Metrics For Free: SQL Server Monitoring With Telegraf

Not too long ago, I had the opportunity to put into place a free solution for monitoring SQL Server instances. I saw Tracy’s series on collecting performance metrics InfluxDB + Telegraf + Grafana, and then I saw her talk on the topic (Collecting Performance Metrics), but until I implemented it myself, I couldn’t believe how easy it was. I thought it was going to take two or three days of hard work to get done, but I had everything going within a few hours.

Let’s walk through the process together.

Step 1: We Need a Database

The first piece of the puzzle is a place to host InfluxDB, an open source time series database.

Step 1A: We Need a Server

My customer is running most of their infrastructure in Azure, so I spun up a Linux-based host running Ubuntu. This doesn’t need to be a big server: I’m using a Standard D2s v3 (2 vCPUs, 8 GB of RAM) on a 100GB Premium SSD to host 5 servers, and my CPU never gets above 2%. This is the most expensive line item and will run about $70 or so a month in the East US region if you pay as you go and as little as $27 a month if you reserve for three years.

For a bigger environment, Tracy’s advice for 500 servers is 8 vCPUs and 32 GB of RAM.

Step 1B: We Need InfluxDB

Tracy shows how to install with CentOS but if you prefer Ubuntu (as I do), you’ll have to change a couple of things around. The installation instructions are pretty easy if you’ve worked with Linux before, so I won’t dally there.

Step 2: We Need Pretty Pictures

While you’re tooling around on that Linux VM, you should also install Grafana, a great tool for analytics and monitoring. Here are a couple examples of dashboards that you’ll get with this solution. First up is the instances at a glance dashboard:

Instances at a glance. 70% CPU? Just fine. Nothing to see here.

Next up is details on a specific instance, which let you look at activity, memory utilization, waits, CPU load, I/O load, etc.

A snippet of instance details.

Installing Grafana is easy. Tracy has scripts for CentOS or other Red Hat-based distributions and the Grafana website has step-by-step instructions for installing on Ubuntu or Debian-based distributions.

Step 3: We Need an Agent

InfluxDB is going to store all of your metrics and Grafana is going to display all of them, but we need one more piece of the puzzle: an agent to send metrics to InfluxDB at fixed intervals.
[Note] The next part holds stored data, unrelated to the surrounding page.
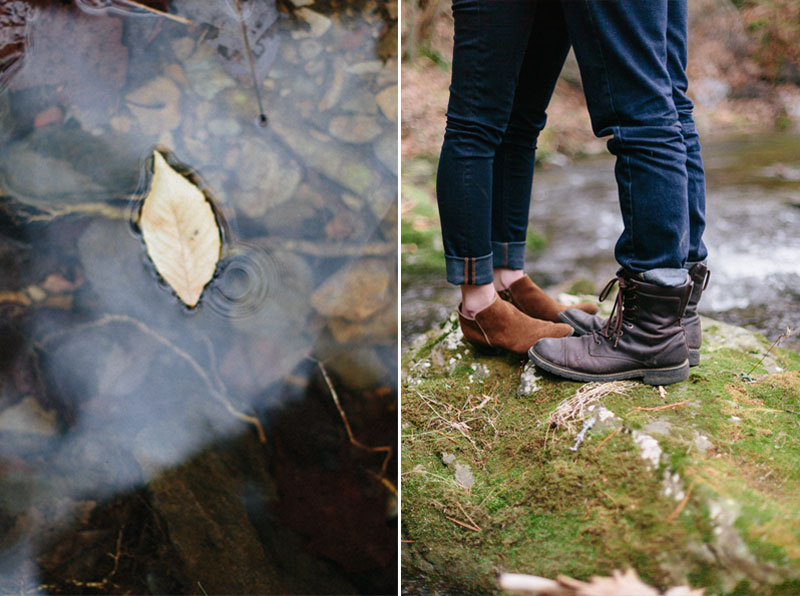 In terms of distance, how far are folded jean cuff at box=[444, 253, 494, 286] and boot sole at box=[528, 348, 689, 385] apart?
0.79 ft

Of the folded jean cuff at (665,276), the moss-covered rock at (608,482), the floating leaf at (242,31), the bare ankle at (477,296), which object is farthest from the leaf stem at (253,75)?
the folded jean cuff at (665,276)

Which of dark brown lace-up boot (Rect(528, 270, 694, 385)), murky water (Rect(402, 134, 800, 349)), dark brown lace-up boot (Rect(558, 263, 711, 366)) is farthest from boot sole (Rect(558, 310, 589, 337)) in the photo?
murky water (Rect(402, 134, 800, 349))

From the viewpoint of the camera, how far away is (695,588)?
0.77 m

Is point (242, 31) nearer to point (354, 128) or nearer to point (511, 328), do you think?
point (354, 128)

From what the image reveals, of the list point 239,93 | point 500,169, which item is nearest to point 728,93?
point 500,169

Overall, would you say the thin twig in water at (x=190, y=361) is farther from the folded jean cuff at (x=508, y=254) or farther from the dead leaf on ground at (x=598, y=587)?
the folded jean cuff at (x=508, y=254)

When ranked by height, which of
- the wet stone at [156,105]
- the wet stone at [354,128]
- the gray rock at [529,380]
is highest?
the wet stone at [156,105]

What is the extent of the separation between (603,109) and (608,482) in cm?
68

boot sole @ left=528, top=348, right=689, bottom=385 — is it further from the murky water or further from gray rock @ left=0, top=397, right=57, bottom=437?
gray rock @ left=0, top=397, right=57, bottom=437

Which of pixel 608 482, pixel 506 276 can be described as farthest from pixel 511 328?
pixel 608 482

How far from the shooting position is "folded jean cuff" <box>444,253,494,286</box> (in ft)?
3.93

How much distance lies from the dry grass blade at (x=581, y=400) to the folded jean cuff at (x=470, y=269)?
309mm

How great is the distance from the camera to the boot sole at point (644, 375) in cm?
111

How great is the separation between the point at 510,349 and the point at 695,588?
0.61m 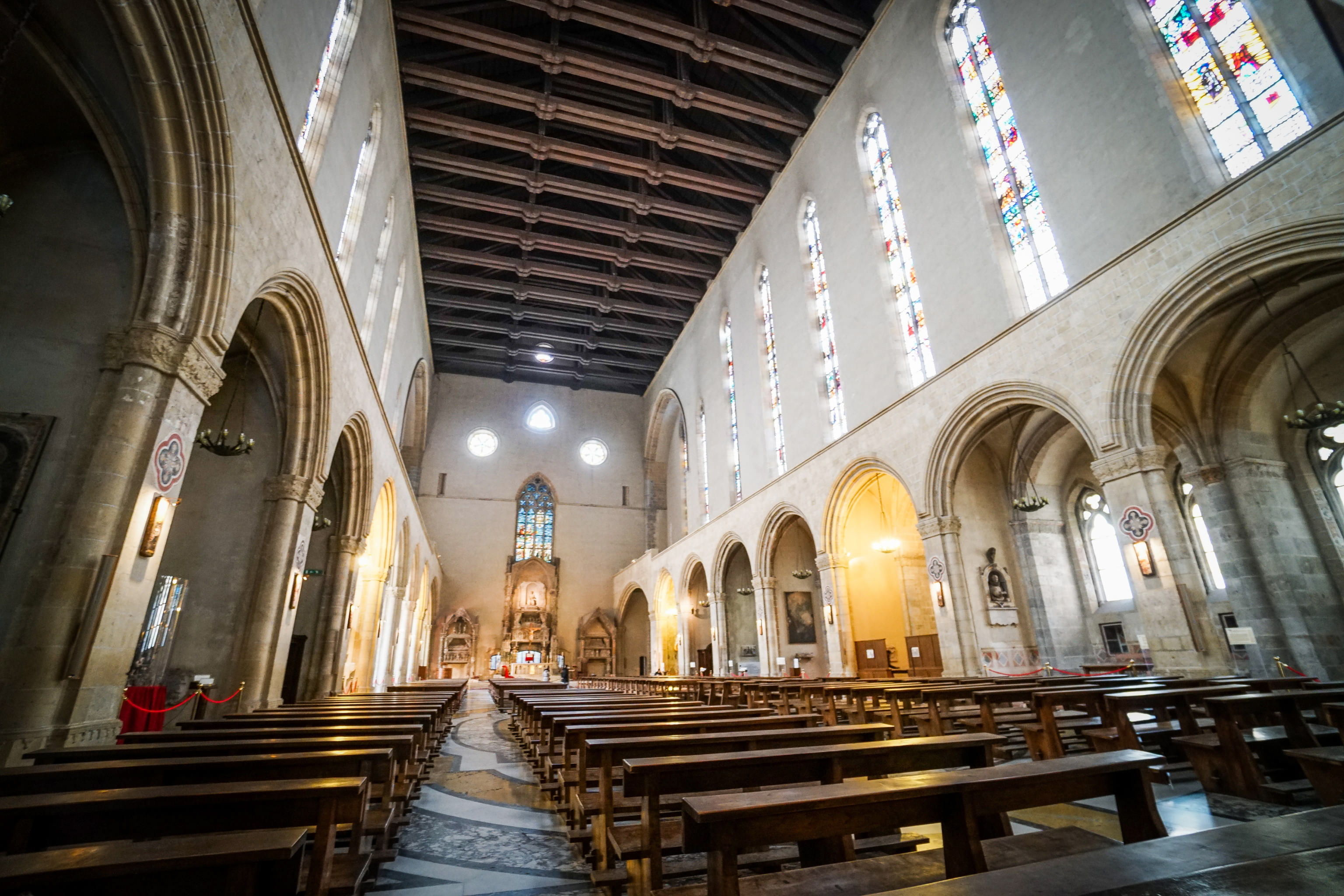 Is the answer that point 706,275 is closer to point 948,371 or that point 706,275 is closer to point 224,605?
point 948,371

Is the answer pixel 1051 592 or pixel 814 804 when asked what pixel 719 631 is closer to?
pixel 1051 592

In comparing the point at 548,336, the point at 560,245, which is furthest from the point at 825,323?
the point at 548,336

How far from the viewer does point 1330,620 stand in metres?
8.09

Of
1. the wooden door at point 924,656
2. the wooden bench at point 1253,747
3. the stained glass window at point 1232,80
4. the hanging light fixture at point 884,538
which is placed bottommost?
the wooden bench at point 1253,747

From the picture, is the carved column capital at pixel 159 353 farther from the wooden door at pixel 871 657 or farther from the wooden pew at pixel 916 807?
the wooden door at pixel 871 657

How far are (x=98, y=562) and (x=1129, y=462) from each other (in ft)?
29.9

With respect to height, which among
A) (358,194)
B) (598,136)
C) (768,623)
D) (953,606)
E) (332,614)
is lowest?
(953,606)

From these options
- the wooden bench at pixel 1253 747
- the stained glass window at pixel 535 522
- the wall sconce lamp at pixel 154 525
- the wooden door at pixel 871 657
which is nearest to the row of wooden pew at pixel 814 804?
the wooden bench at pixel 1253 747

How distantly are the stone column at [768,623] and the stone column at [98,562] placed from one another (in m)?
11.7

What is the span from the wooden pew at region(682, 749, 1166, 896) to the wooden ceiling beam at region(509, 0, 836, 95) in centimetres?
1277

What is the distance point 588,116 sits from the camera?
43.5ft

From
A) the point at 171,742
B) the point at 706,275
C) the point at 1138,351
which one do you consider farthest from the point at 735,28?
the point at 171,742

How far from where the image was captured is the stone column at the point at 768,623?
1423 cm

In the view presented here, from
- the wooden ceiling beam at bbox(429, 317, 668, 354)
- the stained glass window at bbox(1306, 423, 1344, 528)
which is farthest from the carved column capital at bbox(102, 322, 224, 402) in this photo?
the wooden ceiling beam at bbox(429, 317, 668, 354) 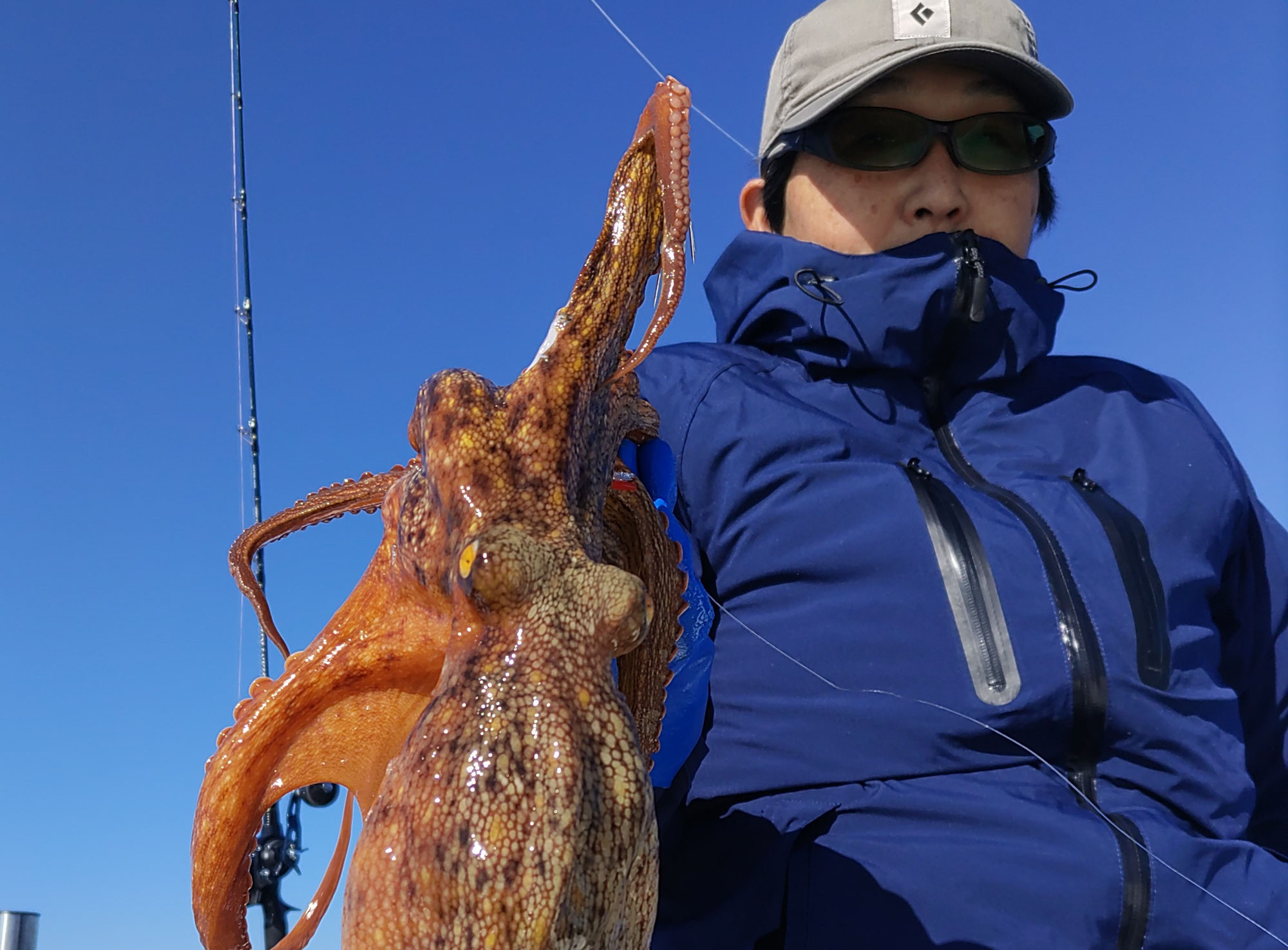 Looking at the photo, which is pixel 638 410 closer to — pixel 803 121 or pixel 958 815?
pixel 958 815

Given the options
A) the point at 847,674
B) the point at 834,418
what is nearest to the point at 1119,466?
the point at 834,418

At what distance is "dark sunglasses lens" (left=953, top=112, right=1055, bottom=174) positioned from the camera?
269 cm

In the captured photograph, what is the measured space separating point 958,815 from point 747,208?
6.17ft

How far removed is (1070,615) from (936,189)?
1.16 m

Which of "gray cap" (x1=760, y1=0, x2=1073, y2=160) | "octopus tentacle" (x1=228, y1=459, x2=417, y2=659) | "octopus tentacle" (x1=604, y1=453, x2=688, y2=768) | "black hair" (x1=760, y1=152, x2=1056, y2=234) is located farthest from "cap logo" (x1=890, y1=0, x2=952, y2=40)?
"octopus tentacle" (x1=228, y1=459, x2=417, y2=659)

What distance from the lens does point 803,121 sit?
106 inches

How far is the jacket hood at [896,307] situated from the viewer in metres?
2.58

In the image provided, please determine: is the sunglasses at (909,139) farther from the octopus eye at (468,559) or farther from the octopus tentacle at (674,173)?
the octopus eye at (468,559)

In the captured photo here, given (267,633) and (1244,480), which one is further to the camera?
(1244,480)

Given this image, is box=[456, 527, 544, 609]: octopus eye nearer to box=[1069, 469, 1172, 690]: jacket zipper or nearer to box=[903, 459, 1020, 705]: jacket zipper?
box=[903, 459, 1020, 705]: jacket zipper

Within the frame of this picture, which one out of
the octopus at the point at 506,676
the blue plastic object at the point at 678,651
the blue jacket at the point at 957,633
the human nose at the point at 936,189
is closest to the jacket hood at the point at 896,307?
the blue jacket at the point at 957,633

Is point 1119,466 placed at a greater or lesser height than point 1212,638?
greater

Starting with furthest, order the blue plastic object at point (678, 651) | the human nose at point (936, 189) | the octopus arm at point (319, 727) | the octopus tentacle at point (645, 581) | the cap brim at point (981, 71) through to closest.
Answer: the human nose at point (936, 189)
the cap brim at point (981, 71)
the blue plastic object at point (678, 651)
the octopus tentacle at point (645, 581)
the octopus arm at point (319, 727)

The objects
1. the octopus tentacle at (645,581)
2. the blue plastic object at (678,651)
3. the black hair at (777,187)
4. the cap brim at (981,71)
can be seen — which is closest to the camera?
the octopus tentacle at (645,581) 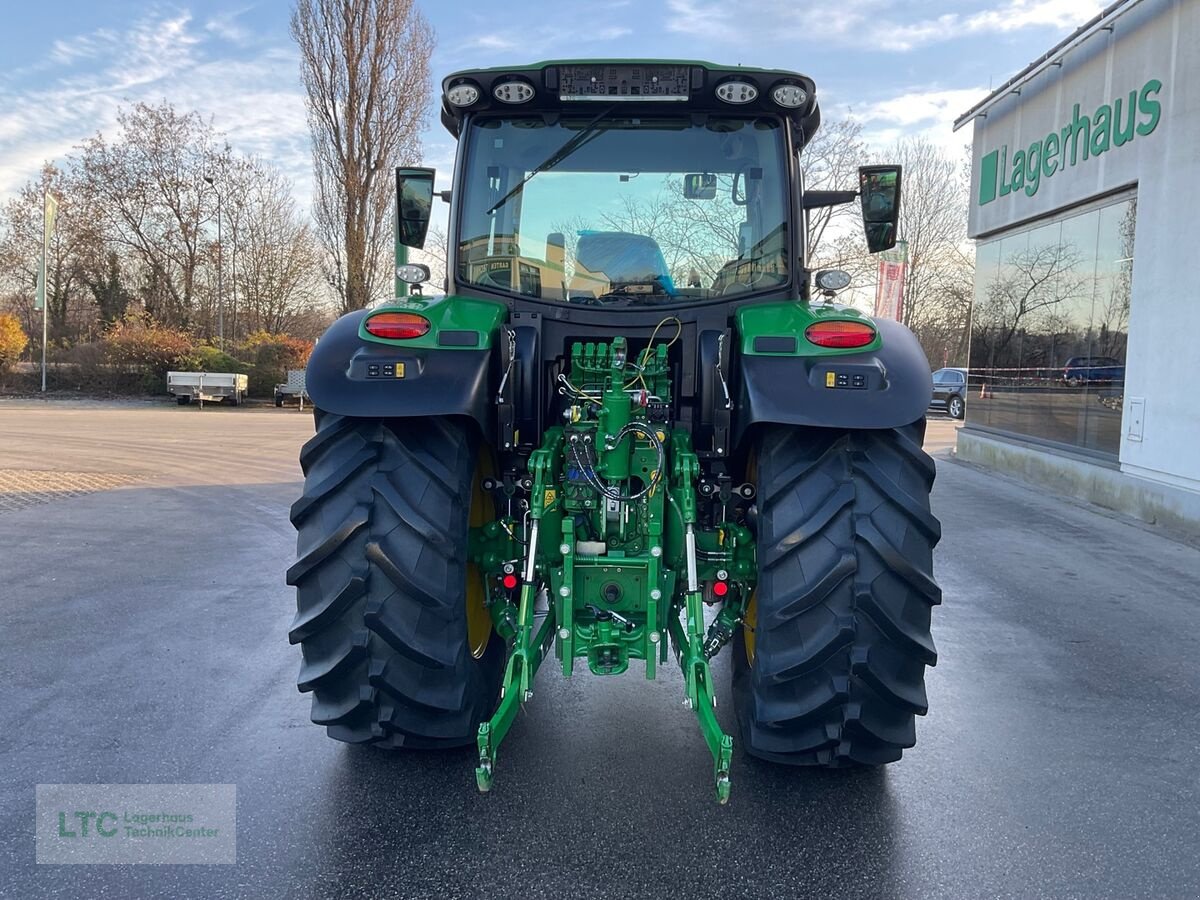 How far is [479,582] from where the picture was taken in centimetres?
363

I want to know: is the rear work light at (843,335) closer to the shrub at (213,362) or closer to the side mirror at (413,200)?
the side mirror at (413,200)

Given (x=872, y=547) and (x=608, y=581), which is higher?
(x=872, y=547)

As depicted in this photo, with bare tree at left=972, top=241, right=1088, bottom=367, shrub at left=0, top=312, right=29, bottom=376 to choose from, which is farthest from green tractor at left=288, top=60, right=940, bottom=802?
shrub at left=0, top=312, right=29, bottom=376

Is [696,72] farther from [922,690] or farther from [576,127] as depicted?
[922,690]

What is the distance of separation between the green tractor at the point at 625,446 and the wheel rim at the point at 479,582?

That’s what Telegraf does. Grab the stable version of Telegraf or the Windows nightly if you’re feeling lucky. Unzip the archive and you’ll see two files: telegraf.conf and telegraf.exe. Here are the changes I made to my telegraf.conf file:

  • In [[outputs.influxdb]] there is a section for URLs. Add your InfluxDB URL in a format like urls = ["http://10.10.10.10:8086"], replacing the IP address with your own. Your Telegraf agents need to be able to communicate with InfluxDB and by default, that’s over port 8086 but you can configure that port if you really need it to change.
  • Still in [[outputs.influxdb]], I have uncommented the following lines: retention_policy = "", write_consistency = "any", and timeout = "5s".
  • I added input plugins and shamelessly stole the code from Tracy. Here’s what that section looks like:
###############################################################################
#                            INPUT PLUGINS                                    #
###############################################################################
[[inputs.sqlserver]]
  servers = [
    "Server=localhost;Port=1433;User Id=telegraf;Password=<YOURPASSWORD>;app name=telegraf;log=1;",
  ]
  #
  ## Optional parameter, setting this to two will use a new version
  ## of the collection queries that break compatibility with the original
  ## dashboards. 
  query_version = 2
  ## If you are using AzureDB, setting this to True will gather resource utilization metrics
  # azuredb = False
  ## If you would like to exclude some of the metrics queries, list them here
  # exclude_query = [ 'PerformanceCounters','WaitStatsCatagorized' ]

[[inputs.win_perf_counters.object]]
  # Processor usage, alternative to native, reports on a per core.
  ObjectName = "Processor"
  Instances = ["*"]
  Counters = ["% Idle Time", "% Interrupt Time", "% Privileged Time", "% User Time", "% Processor Time"]
  Measurement = "sql_cpu"
  #IncludeTotal=false #Set to true to include _Total instance when querying for all (*).

[[inputs.win_perf_counters.object]]
  ObjectName = "LogicalDisk"
  Instances = ["*"]
  Counters = ["% Free Space","Free Megabytes","Avg. Disk Read Queue Length","Avg. Disk Write Queue Length","Avg. Disk sec/Read","Avg. Disk sec/Write"]
  Measurement = "sql_disk"

Note that you might need to change the servers entry above if you use named instances; that entry can also handle multiple instances if you have them installed on the same machine.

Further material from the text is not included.